OK, then what about shading layers, where you can specify a stack of shaders that are executed in order as successive passes?
There is my conception:
geometry fragmet
shading shading
stack stack
+---+---+---+ +---+---+---+
+----------+ | | | | +---------------+ | | | | +----+
| geometry |-->| 1 | 2 |...|-->| rasterization |-->| 1 | 2 |...|-->...-->| FB |
+----------+ | | | | +---------------+ | | | | +----+
+---+---+---+ +---+---+---+
\_____ _____/ \_____ _____/
V V
GL_MAX_GEOMETRY_SHADING_LAYERS GL_MAX_FRAGMENT_SHADING_LAYERS
A driver can handle GL_MAX_GEOMETRY_SHADING_LAYERS and GL_MAX_FRAGMENT_SHADING_LAYERS per stack. glUseProgramObject() must be extednded to support layers, and every program object must be attached to one layer (similar to FBO color attachments).
If a layer has no attached program it will be ommited during execution. If there is no attached program to any layer OpenGL pipeline will use fixed functionality.
Program objects cannot mix geometry and fragment shaders (restriction), because every layer in stack operates on the same type of data (geometry primitivies or fragments) and must procuce it for next layer, thus it is handy to implement shader stacks as objects (see below).

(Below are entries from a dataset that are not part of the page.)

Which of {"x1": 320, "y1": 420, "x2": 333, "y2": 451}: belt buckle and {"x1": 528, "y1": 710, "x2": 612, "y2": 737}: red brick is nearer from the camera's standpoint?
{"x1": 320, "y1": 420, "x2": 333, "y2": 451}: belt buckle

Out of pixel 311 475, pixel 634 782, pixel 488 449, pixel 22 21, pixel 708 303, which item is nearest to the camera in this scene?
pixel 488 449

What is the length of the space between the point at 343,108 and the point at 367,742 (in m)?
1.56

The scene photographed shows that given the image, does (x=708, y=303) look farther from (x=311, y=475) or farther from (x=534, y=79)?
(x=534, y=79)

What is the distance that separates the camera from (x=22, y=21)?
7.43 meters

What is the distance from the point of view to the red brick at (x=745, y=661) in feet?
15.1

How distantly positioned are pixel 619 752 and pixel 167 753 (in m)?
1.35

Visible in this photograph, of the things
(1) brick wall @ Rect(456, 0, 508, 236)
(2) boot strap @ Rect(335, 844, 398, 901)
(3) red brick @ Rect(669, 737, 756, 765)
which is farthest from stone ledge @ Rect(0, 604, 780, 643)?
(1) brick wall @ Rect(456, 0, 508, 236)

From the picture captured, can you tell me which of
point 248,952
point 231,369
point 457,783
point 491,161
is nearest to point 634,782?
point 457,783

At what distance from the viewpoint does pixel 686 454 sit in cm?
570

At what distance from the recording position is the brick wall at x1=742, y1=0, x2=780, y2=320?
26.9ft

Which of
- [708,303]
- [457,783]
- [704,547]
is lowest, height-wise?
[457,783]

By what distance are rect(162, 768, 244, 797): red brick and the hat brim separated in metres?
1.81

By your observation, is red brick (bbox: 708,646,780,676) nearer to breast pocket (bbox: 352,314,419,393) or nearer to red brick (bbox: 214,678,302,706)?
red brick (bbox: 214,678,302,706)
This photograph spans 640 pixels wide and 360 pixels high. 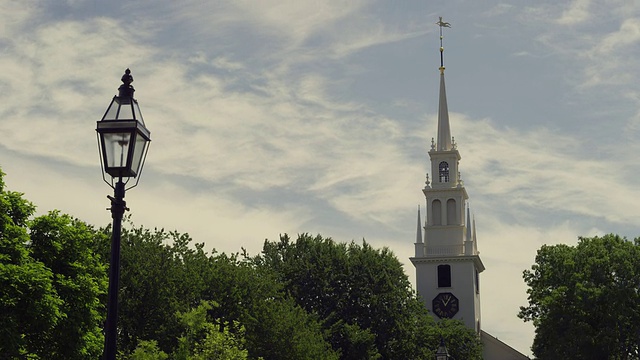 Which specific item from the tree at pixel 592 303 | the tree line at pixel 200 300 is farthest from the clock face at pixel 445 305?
the tree at pixel 592 303

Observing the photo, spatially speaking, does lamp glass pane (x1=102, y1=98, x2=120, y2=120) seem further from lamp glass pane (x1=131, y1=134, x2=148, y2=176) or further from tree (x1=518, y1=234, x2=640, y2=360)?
tree (x1=518, y1=234, x2=640, y2=360)

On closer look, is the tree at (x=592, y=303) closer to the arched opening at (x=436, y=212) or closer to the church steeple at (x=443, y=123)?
the arched opening at (x=436, y=212)

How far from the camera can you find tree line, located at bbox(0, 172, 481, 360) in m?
38.2

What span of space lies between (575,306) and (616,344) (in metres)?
3.81

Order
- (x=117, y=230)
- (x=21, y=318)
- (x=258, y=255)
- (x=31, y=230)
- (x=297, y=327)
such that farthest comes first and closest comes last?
Result: (x=258, y=255) < (x=297, y=327) < (x=31, y=230) < (x=21, y=318) < (x=117, y=230)

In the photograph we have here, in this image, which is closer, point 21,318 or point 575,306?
point 21,318

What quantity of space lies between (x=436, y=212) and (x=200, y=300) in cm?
7489

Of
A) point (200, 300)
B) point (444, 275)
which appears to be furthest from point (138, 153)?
point (444, 275)

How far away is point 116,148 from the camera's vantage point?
11703 mm

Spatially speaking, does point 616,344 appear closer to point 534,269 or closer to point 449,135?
point 534,269

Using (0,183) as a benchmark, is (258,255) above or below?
above

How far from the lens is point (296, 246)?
83.4m

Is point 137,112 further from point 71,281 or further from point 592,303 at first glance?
point 592,303

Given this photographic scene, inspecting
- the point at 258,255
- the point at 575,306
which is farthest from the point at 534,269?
the point at 258,255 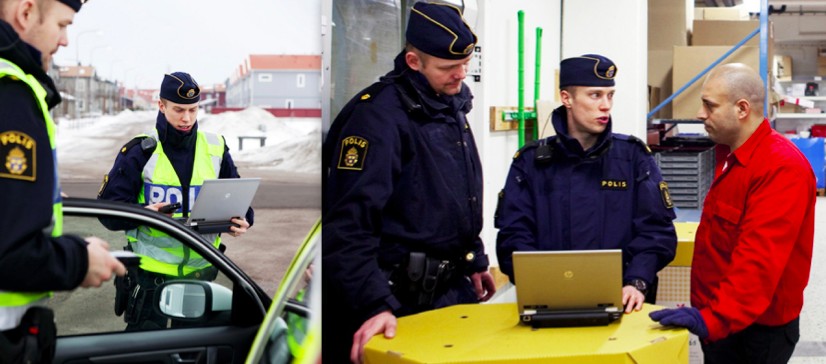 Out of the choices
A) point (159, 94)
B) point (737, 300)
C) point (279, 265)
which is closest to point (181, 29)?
point (159, 94)

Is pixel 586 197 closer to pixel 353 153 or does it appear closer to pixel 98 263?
pixel 353 153

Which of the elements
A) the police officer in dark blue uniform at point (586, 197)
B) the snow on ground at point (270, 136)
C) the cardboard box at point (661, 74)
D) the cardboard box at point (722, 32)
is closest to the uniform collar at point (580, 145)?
the police officer in dark blue uniform at point (586, 197)

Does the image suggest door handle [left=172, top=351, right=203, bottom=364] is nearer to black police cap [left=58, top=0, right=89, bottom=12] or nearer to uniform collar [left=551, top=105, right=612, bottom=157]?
black police cap [left=58, top=0, right=89, bottom=12]

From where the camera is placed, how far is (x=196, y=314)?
1.10 m

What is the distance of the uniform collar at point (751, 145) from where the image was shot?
2.40m

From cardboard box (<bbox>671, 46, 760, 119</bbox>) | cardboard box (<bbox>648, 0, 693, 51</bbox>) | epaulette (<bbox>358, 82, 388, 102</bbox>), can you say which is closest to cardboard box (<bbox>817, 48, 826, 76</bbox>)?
cardboard box (<bbox>648, 0, 693, 51</bbox>)

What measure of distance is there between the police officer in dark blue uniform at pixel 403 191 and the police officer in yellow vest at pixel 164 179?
683 mm

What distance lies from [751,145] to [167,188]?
73.2 inches

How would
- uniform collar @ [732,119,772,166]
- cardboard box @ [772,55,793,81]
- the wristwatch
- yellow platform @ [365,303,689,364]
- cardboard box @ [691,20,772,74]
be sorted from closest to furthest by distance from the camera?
yellow platform @ [365,303,689,364] < the wristwatch < uniform collar @ [732,119,772,166] < cardboard box @ [691,20,772,74] < cardboard box @ [772,55,793,81]

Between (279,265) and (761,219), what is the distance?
149 centimetres

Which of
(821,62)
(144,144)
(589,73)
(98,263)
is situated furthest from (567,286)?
(821,62)

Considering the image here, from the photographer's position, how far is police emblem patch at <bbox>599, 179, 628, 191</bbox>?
2.29 meters

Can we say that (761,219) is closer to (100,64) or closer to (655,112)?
(100,64)

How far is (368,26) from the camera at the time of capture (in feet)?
9.65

Execution of programs in stack must be performed in order form first to last. Each program in lower layer must be executed completely before higher layer may be computed. So there need to be at least two buffers (input and output) for temporary computations between programs. The result of last executed program in stack is used in successive operations of OpenGL pipeline.
Stacks of shaders could be also implemented as objects, so instead of binding shader programs to fixed stacks by glUseProgramObject() we may create a stack object, attach programs to it, and use by glUseGeometryStack(stack_handler) and glUseFragmentStack(stack_handler) like we use glUseProgramObject() today (stack_handler==0 means fixed functionality).

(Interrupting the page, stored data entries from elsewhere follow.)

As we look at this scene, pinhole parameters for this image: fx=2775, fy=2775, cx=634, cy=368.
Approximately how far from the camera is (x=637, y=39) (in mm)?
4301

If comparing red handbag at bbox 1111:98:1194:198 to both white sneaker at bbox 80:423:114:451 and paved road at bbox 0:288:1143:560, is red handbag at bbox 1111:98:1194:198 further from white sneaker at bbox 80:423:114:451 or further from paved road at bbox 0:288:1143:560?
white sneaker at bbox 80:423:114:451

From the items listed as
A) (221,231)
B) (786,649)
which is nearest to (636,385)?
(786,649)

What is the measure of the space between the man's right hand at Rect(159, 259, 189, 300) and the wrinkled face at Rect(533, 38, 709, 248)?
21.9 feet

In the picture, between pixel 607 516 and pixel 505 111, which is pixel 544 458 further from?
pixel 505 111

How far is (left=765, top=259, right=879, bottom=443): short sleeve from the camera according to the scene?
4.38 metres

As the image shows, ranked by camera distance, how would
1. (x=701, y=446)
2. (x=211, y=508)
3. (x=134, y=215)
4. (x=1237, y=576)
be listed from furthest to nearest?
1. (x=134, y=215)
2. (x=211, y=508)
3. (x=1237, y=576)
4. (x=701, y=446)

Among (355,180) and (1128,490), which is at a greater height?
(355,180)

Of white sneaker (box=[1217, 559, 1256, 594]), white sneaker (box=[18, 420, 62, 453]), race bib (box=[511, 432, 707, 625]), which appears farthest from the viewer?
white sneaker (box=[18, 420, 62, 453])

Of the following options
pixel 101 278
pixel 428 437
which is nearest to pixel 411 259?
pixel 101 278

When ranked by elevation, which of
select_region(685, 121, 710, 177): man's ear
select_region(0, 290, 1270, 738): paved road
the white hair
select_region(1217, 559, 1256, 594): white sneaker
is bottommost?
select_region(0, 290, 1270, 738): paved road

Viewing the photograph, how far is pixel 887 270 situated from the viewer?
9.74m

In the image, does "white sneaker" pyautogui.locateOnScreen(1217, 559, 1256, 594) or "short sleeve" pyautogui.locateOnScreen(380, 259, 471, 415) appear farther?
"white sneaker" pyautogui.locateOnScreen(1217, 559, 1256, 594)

In addition, there could be also possibility to streamout data from stack directly to VRAM like in DirectX10 by setting streamout attribute in particular stack objects (that attribute could be directly a handler of vertex buffer for geometry shading stack or texture for fragment shading stack - if it is set to 0 data will be propagated to next stage in graphic pipeline).

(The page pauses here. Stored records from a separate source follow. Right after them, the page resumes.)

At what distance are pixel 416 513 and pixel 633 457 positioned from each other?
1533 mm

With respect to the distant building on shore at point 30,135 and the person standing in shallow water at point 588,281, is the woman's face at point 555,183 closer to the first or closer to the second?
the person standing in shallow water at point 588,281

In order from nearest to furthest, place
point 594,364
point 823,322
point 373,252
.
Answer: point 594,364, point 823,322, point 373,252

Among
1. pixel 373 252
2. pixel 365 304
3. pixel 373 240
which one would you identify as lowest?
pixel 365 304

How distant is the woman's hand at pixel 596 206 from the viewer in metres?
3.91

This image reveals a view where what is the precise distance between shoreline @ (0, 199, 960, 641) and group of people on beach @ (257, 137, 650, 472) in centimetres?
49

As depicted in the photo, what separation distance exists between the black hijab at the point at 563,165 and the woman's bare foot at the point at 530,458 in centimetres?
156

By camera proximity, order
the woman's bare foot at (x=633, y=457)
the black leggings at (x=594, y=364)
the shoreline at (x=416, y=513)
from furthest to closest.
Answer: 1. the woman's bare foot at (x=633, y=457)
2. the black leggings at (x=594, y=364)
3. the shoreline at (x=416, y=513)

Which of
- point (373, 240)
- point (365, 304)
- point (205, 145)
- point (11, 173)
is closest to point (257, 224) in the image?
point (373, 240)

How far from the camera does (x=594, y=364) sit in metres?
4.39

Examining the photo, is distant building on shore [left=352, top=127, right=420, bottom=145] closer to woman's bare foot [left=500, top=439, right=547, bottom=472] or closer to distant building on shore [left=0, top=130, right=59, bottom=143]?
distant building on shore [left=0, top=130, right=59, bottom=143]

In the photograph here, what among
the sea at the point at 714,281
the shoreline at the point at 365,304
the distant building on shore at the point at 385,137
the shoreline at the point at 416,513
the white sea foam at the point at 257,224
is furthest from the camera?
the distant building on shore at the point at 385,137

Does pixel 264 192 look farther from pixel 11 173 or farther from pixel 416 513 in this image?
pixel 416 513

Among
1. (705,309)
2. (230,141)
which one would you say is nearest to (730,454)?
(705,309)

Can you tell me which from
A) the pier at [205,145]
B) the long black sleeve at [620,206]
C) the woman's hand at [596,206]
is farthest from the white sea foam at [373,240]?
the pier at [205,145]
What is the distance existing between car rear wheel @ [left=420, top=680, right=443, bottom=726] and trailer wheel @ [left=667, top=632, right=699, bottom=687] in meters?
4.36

The advantage here is that data are transmited after all stack operations w/o any API involvement that must be performed every iteration between shaders in DirectX10.
This schema has five big advantages:
-
single rendering pass gives more abilities to compute output rendering
-
reduces number of additional passes that need to be performed, so it reduces API overhead (and it is one of new OpenGL LM goals)
-
simplifies OpenGL interface: there is no more need for separate vertex shader functionality (and it is another goal of OpenGL LM)
-
since we operate on full geometry shaders from the begining we can operate not only on defined points (like in vertex shaders) but also on full primitivies during geometry setup
-
possibility to compute different/unrelated operations parallely in future if stack of shaders are objects, and there will be support for multipath rendering with synchonization (i.e. when there are 2 or more graphics cards or parallelism of GPUs will be exposed to software).
Use cases in geometry shaders are pretty obvious, but what with fragmet shaders?
There is also need for that, for example I was writing a complete hardware MPEG decoder based on OpenGL. The main disadvantage, that degrades performance and quality of rendering was lack of ability to quickly perform precomputations that are used for next fragment computation. Fast IDCT can be performed in two separate passes, that could be achieved very fast by joinig them in shader stack.
Also other multipass operations like blurring (one blur shader on few layers) or shadow blending comes to mind, and could be done in single pass with that approach.
Please consider these propositions in upcoming “Mt. Evans” OpenGL release. I think it can be huge improvement, especially compared to actual DirectX10 specification.
Cheers
Wojtek